── Input ──

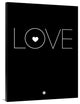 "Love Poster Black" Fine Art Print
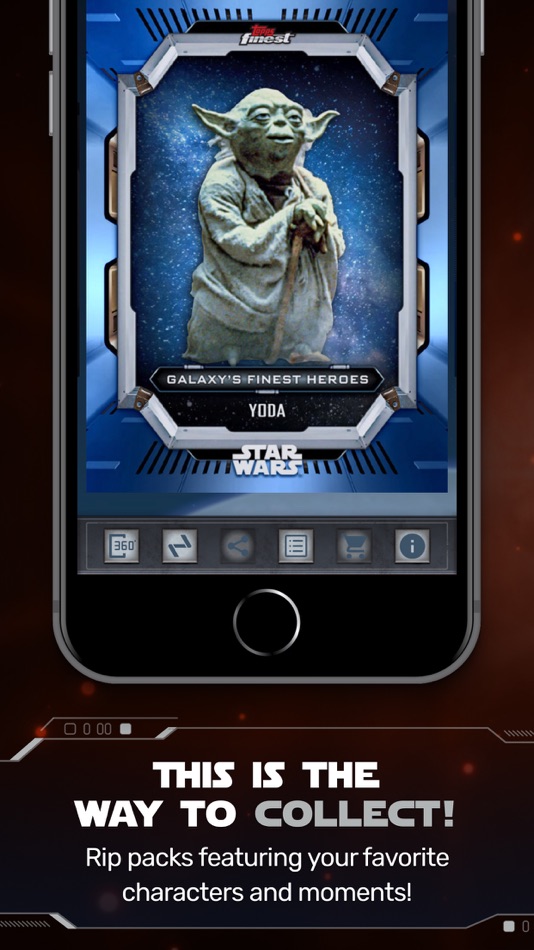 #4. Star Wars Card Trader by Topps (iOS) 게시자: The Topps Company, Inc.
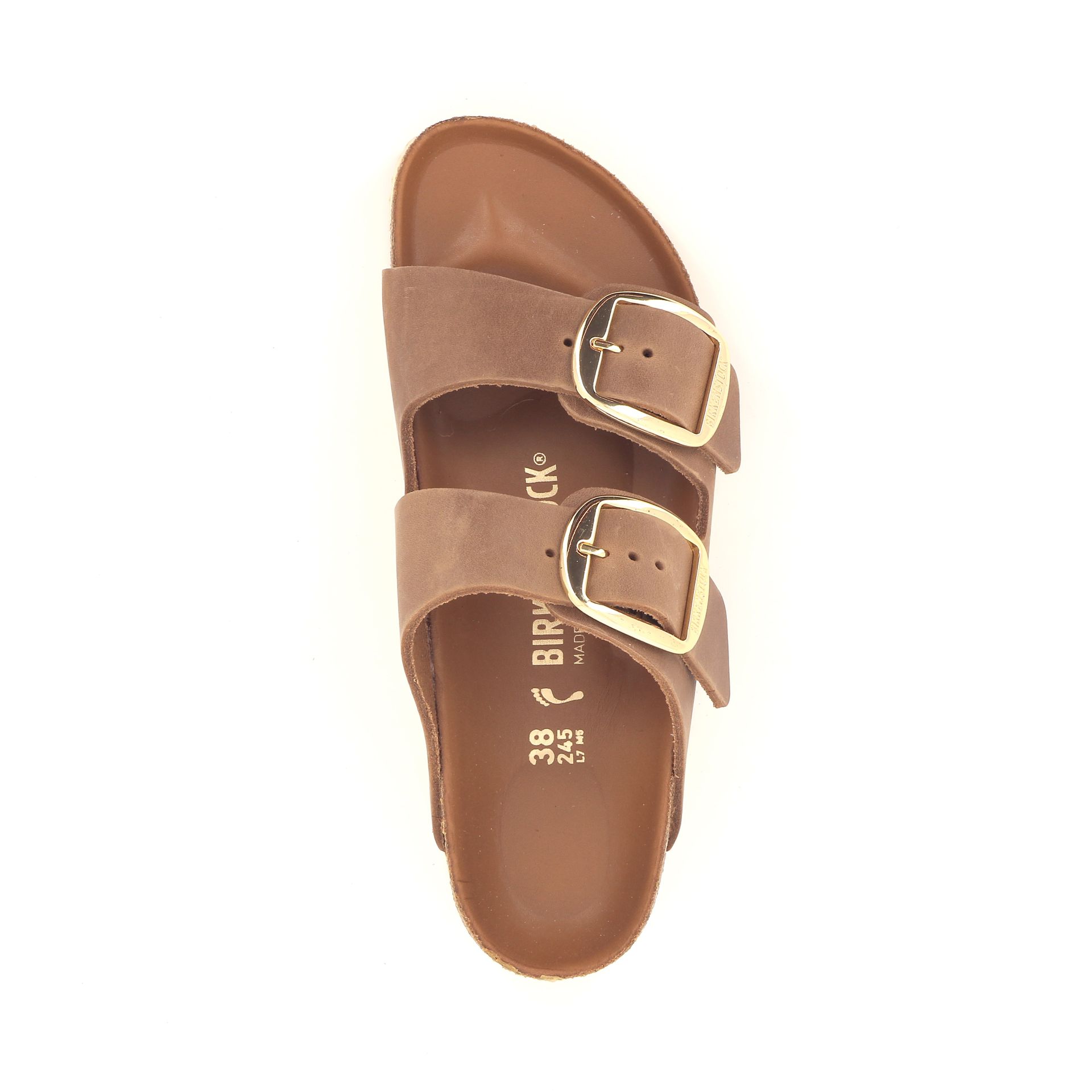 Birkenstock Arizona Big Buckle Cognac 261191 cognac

───
── Input ──

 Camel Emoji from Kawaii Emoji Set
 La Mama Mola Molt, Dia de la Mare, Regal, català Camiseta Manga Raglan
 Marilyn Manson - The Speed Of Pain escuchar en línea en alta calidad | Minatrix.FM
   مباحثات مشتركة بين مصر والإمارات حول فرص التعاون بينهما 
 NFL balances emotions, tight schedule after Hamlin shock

───
── Input ──

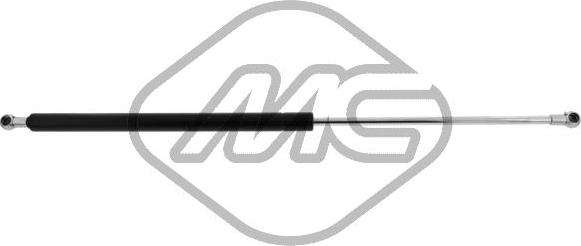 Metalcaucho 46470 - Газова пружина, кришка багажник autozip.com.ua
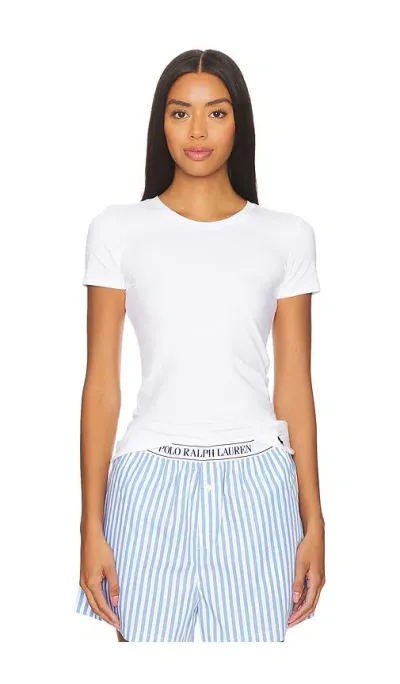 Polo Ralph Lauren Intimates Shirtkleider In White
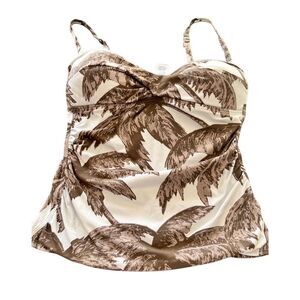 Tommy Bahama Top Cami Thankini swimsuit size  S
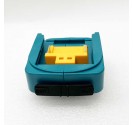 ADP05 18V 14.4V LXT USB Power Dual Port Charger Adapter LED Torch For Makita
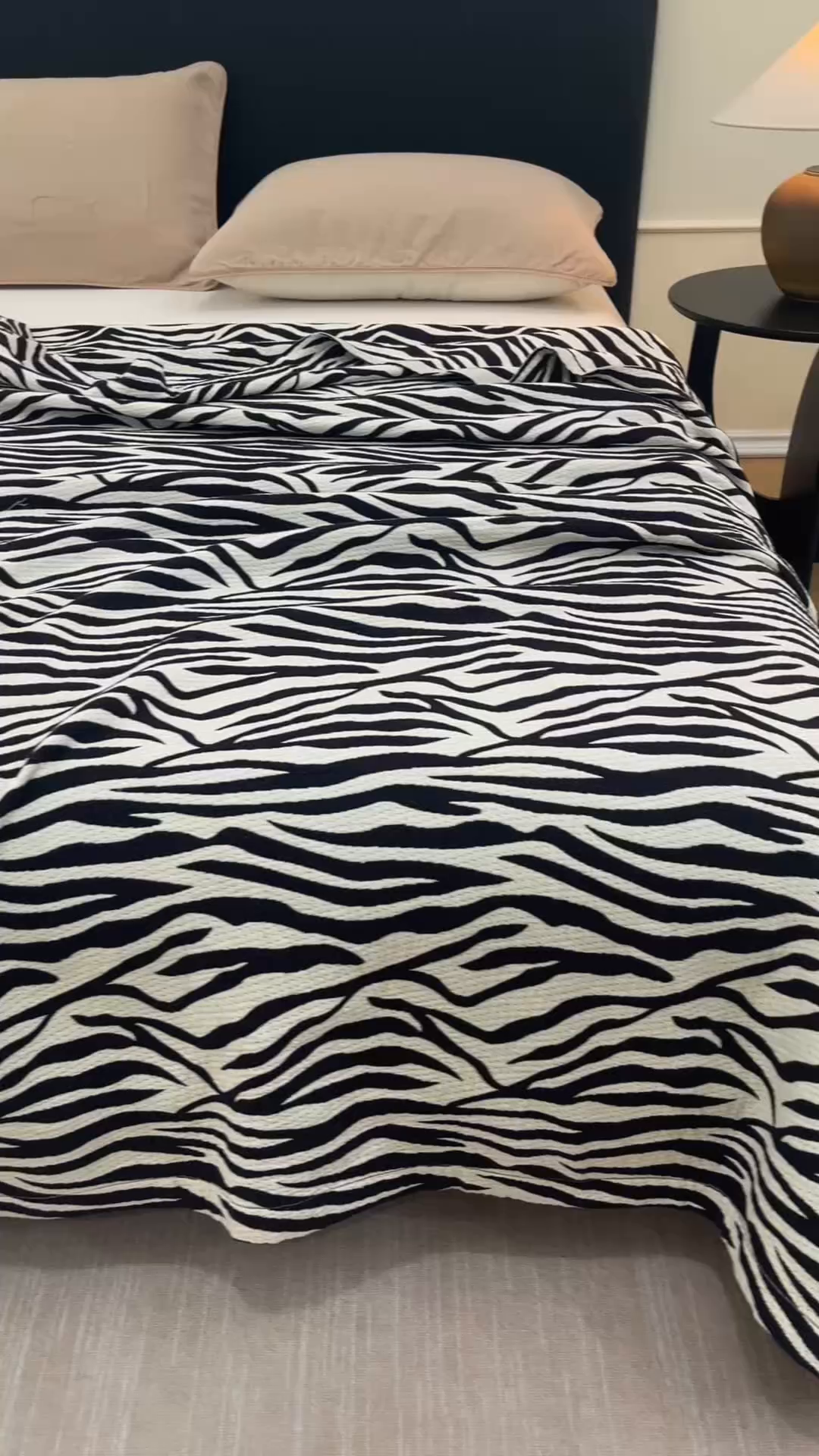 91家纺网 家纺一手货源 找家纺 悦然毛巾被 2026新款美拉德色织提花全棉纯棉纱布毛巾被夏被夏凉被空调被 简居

───

- [Work order]: Could you output exactly the lines above, from the line with "Polo Ralph Lauren" up to and including the line with "91家纺网 家纺一手货源 找家纺", and nothing else, skipping the pictures?

- [Exercise result]:
 Polo Ralph Lauren Intimates Shirtkleider In White
 Tommy Bahama Top Cami Thankini swimsuit size  S
 ADP05 18V 14.4V LXT USB Power Dual Port Charger Adapter LED Torch For Makita
 91家纺网 家纺一手货源 找家纺 悦然毛巾被 2026新款美拉德色织提花全棉纯棉纱布毛巾被夏被夏凉被空调被 简居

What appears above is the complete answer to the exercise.